So, with the Grand Masquerade at its conclusion and the debut of some news and an art-driven animatic, word is now out that the WoD MMO is going to be based on the Masquerade, built on three spheres of playstyle (cofeeshop, sandbox, and themepark), and highlight the ideals of Danger, Power, Romance, and Mystery. One of the panels at the Grand Masquerade offered players a chance to tell the devs what they wanted to see. I took notes like a diligent designer should, and here’s the summary:

 

  • Not a lot of quests. Org versus org. Player-driven faction content and conflict.
  • Not a WOW clone. Repetitive quests are boring and unfulfilling.
  • Concerns over how mental or social influence powers are handled. How to do this well and meaningfully? Players uncomfortable with a loss of control over avatar.
  • Players want to control other characters, however.
  • Territory control. An adult-only play space. Roleplayers want a space where the integrity of the setting colors the conversation. Don’t want to suffer through Chuck Norris jokes and other immersion-breaking chatter.
  • Content that reinforces themes that are the cornerstones of the WoD. “Shivers up the spine.”
  • An exploration of who a new character is, so that he’s not just dropped tabula rasa into the world. Random backgrounds, connections to the world, hooks into world participation.
  • Powers that cleave closely to the powers that exist in the game, but also expand into new directions for appropriate Disciplines.

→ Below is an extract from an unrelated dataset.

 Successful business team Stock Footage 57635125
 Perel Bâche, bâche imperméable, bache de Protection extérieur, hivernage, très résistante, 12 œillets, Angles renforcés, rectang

Making them work in tandem with the system, so that they make sense in the world.
  • Finite numbers of the supernatural critter types.
  • Permadeath. Server type preference?
  • Allow social powers to be socially versatile. A character can be successful socially; not all advancement is tied to combat or traditional “leveling.”
  • Factional control of regions or assets. Benefits to controlling key areas or establishments.
  • Live team events built upon a foundation of existing world lore. Real-time events, historical Masquerade characters, GM NPCs who can be interacted with or pull players into stories.
  • Influences, boons,  hallmarks of the social origins of vampires.
  • Accessible to casual players. Low-intensity tasks to just pick up and do so players don’t have to sit there idly.
  • Playable Sabbat.
  • Creation, building visible things that can be added to game. Ex. Toreador art, Nosferatu caverns. Some kind of crafting system.
  • One big world with a dynamic power system that allows different factions to thrive.
  • Stay true to the adult content. Blood, gore, darkness, tits.
  • Present the themes of the World of Darkness as playable elements. Let the players participate in the things that make Vampire what it is.
  • Allow players to participate meaningfully as casual and part-time players.
  • Image and customization consultation — players helping other players create their looks.
  • Playable neonate-ancilla-elder model with meaningful play, all with impact on the in-world vitae economy.
  • Status system — how to represent and elder concept. Players that can participate as setting, a piece of the environment.
  • Unique and empowering via rarity.
  • Rarity of combat unless it’s a character’s focus.
  • Severity and fearsomeness of combat.
  • World that responds to the actions of the characters. Dynamic, changing, adapting to how players use the world.
  • A system to allow players to form groups of their own design as opposed to just sharing commonalities like clan and Disciplines.
  • GLBT friendly content.
  • Rewards for advancement tied to tiered mastery of ability or chance rolls.
  • Final Death.
  • Bloodline characters. Seeing the effects of actions the players have taken in character selection.
  • Use relationships with fan organizations to allow players to play their LARP characters and vice versa.
  • Crafting +1 but not materials farming.
  • Immersion as a priority. Reward the long-time player who’s been into Vampire as opposed to the sillier players who are aggravating elements in other MMOs. Jumping goofball players break the mood.
  • Non-unique names as a matter of character identity.
  • Other WoD critters. The whole panoply of supernatural creature types.
  • Cherry pick the strong parts of Requiem.
  • Mortals, participate in the Embrace, etc. X2 X3
  • Embrace. X2
  • Diablerie.
  • Ability to flag self for PvP allowability.
  • Communication needs. Make communication happen in a way that’s not as as intrusive as “global chat UI”.
  • Politics outside clan and sect. City politics, for example. Domains and territories?
  • A sense of history imparted to elder characters. Flashback sequences, historical instances, etc.
  • Narrative that’s not wholly reliant on players to facilitate the content.
  • Control the rate of character progression and provide content so that casual and time-constrained players can still participate meaningfully.
  • Personal spaces like havens. Ability to damage or conspire against havens. Or help cultivate them.
  • Torpor as a clone-type mechanic as a backup.
  • Casual player rewards and impetus. 

 

It was a pretty exciting panel to be on, especially given that the goals of the players represented here are very much in accordance with the things we’ve been designing and iterating. But what about you? What do you think?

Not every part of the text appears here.